Grand Strategy and Morality II.
After I wrote the post Grand Strategy and Morality, blogfriend T. Greer had a serious objection:
Grand Strategy, I submit, does not provide us with a moral purpose. Rather, grand strategy is the means we use to satisfy the demands of this purpose. You cannot have grand strategy without the purpose – but they are not one and the same. Purpose transcends individual statesmen. It is the work of peoples, not politicians. As I state later in the piece:
Greer cites his erudite essay on the subject, Dreaming Grand Strategy for the full explanatory argument ( here is Greer’s excerpt but you should read the whole thing):
In Manifest Destiny and Mission in American History Frederick Merk states that the defining feature of the American polity has been its “sense of mission.” Americans, says he, have always been invested in the idea that their Republic served a great purpose. They could never delegate their destiny to the realpoliticking of the upper echelons of power. In times of crisis it is this sense of of purpose that has sustained the Republic, and in achieving national goals it is this sense of purpose that has acted as the unconscious guide of American statesmen and citizens alike. Strip away America’s mission, and you have stripped away America.
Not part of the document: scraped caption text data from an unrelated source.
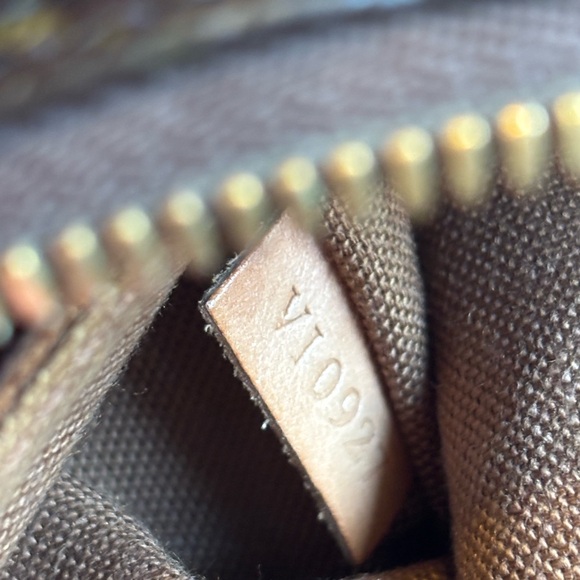 Louis Vuitton Alma Dark Brown Monogram Satchel - Picture 14 of 16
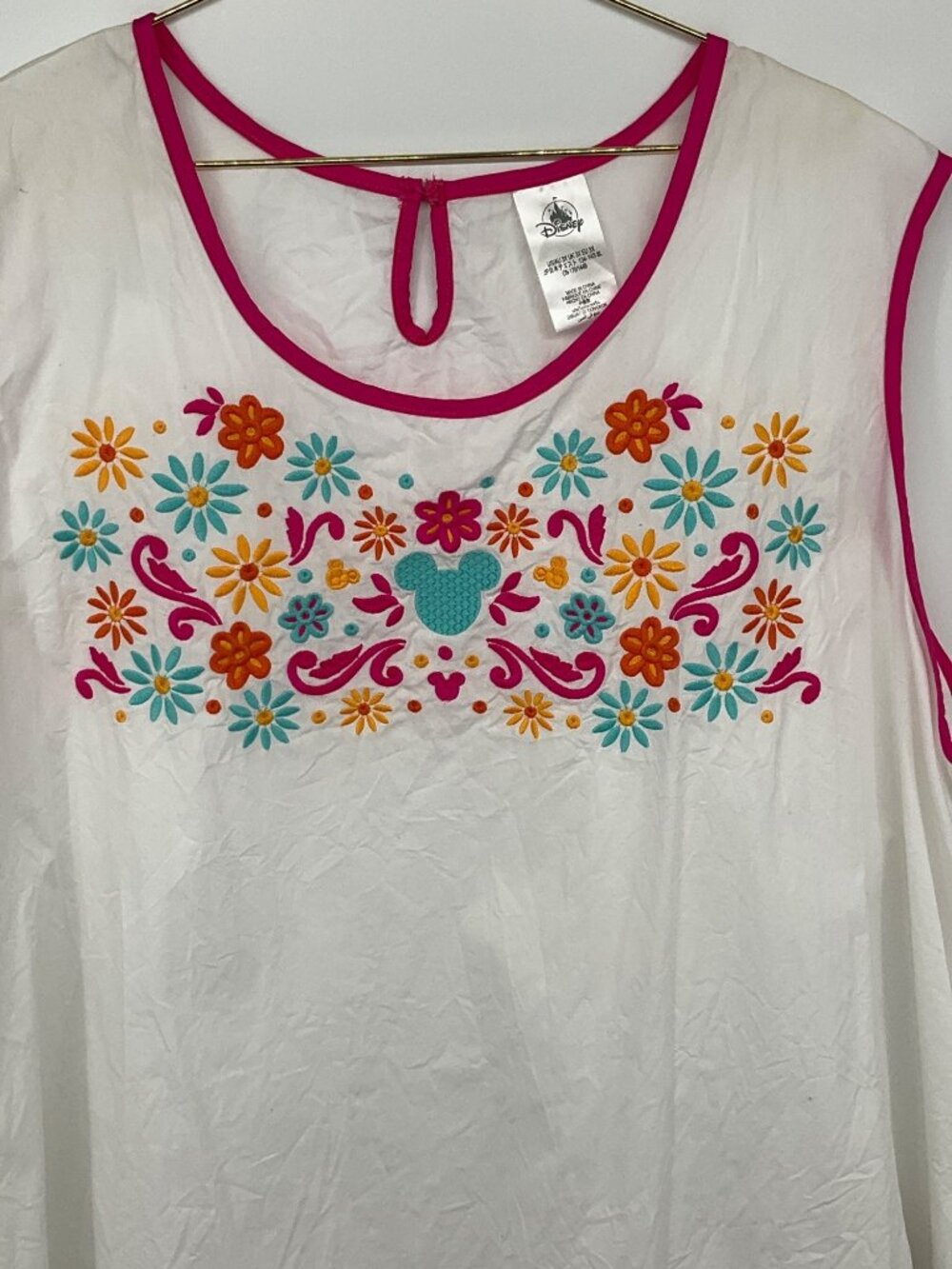 Disney Epcot size 3X Embroidered Sleeveless Mickey Mexico Pavilion top - Picture 3 of 9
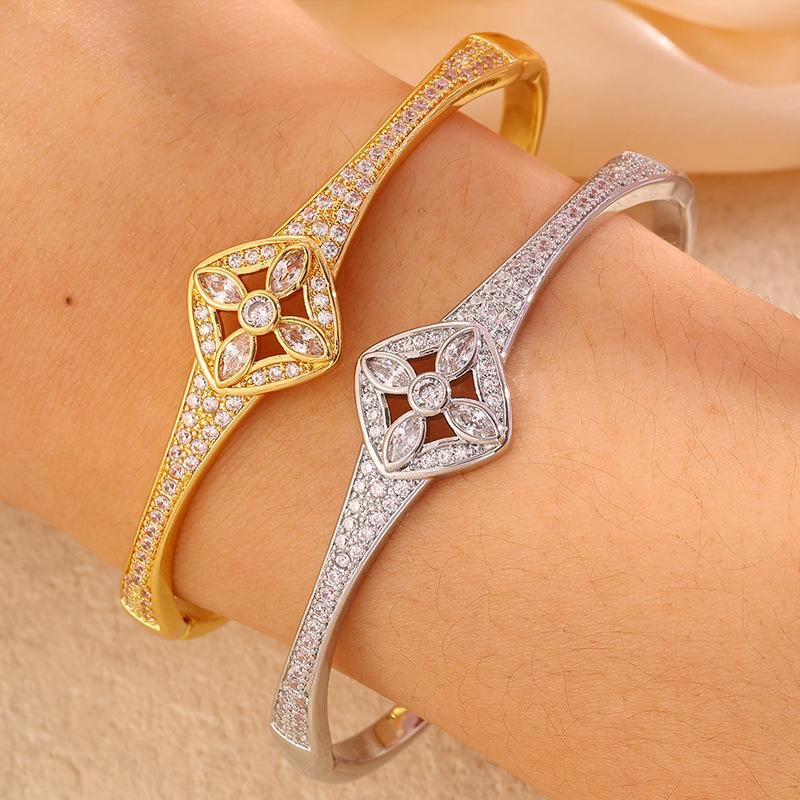 sand gold jewelry buckle diamond-encrusted copper-plated  women's light luxury high-end imitation gold does not fade for a long time 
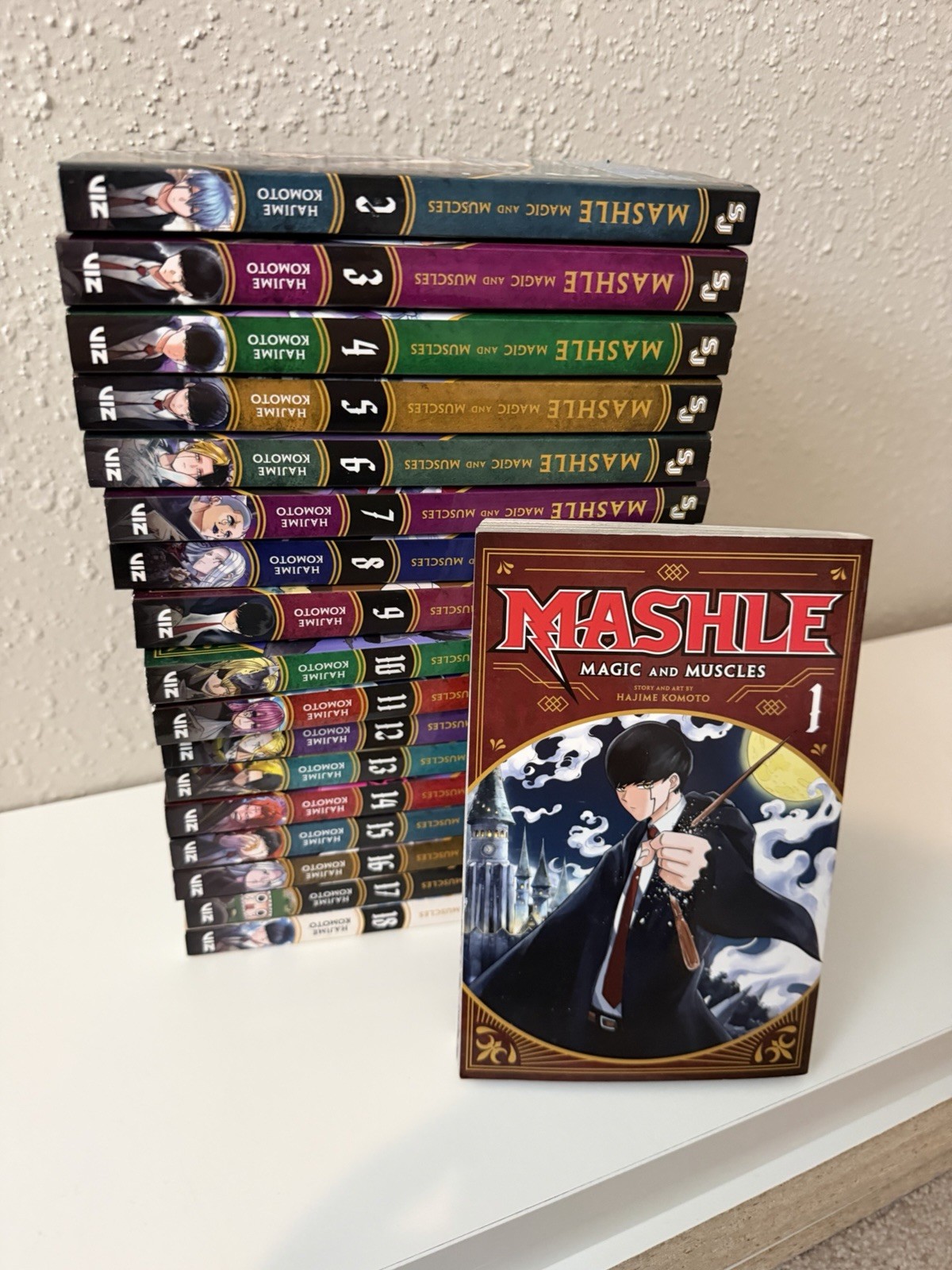 Mashle: Magic and Muscles Manga Series 1-18 Mashle: Magic and Muscles Manga Series 1-18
And in doing so you have stripped away our grand strategy as well.
You will be hard pressed to find a strategy articulated and pursued by American statesmen that was not embedded in a larger sense of American purpose. The isolationism of the early 1800s was rooted in the conviction that America was creating “an Empire of Liberty”, untouched by the despotism of the old world. 50 years later the nation fulfilled its “Manifest Destiny” to “Extend the Area of Freedom” by expanding to the Pacific coast. Before Roosevelt could put “Germany First”, he needed to declare that his country was “The Arsenal of Democracy”. Kennan’s policy of containment was reliant on the assurance that America was the true and only “Leader of the Free World.”
Phrases like “Manifest Destiny” and “Arsenal of Democracy” were not merely the rhetorical flourish used by canny politicians to justify the exercise of power. They were the reason power was exercised in the first place. These phrases were, in essence, bit-sized distillations of the mission and purpose Americans claimed for their nation. Containment only worked because the American populace believed that it was America’s mission to act as the Leader of the Free World. Cold War grand strategy was an outgrowth of this mission – a means to maintaining the mission’s end.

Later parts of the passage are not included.